▸ WHAT THE TASK REQUIRES: An exact repeat is needed of the lines from the one with "Schneider Zeitrelais Easy" through the last line of the data below. Please omit the pictures.

▸ DATA EXTRACT:
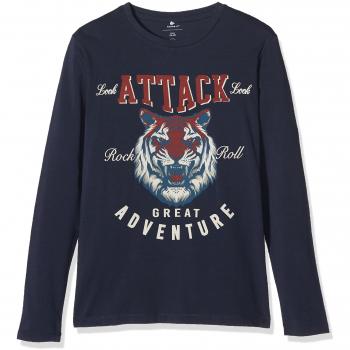 NAME IT Nitkick Ls Top M Nmt, Camisa Manga Larga para Niños, Azul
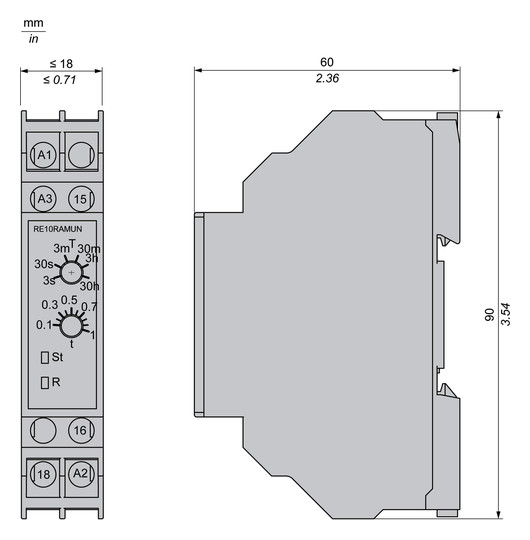 Schneider Zeitrelais Easy      RE10RAMUN 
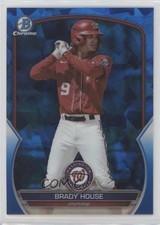 2023 Bowman Chrome Draft Sapphire Edition Brady House #BDC-77 1d9q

▸ RESPONSE AREA:
 Schneider Zeitrelais Easy      RE10RAMUN 
 2023 Bowman Chrome Draft Sapphire Edition Brady House #BDC-77 1d9q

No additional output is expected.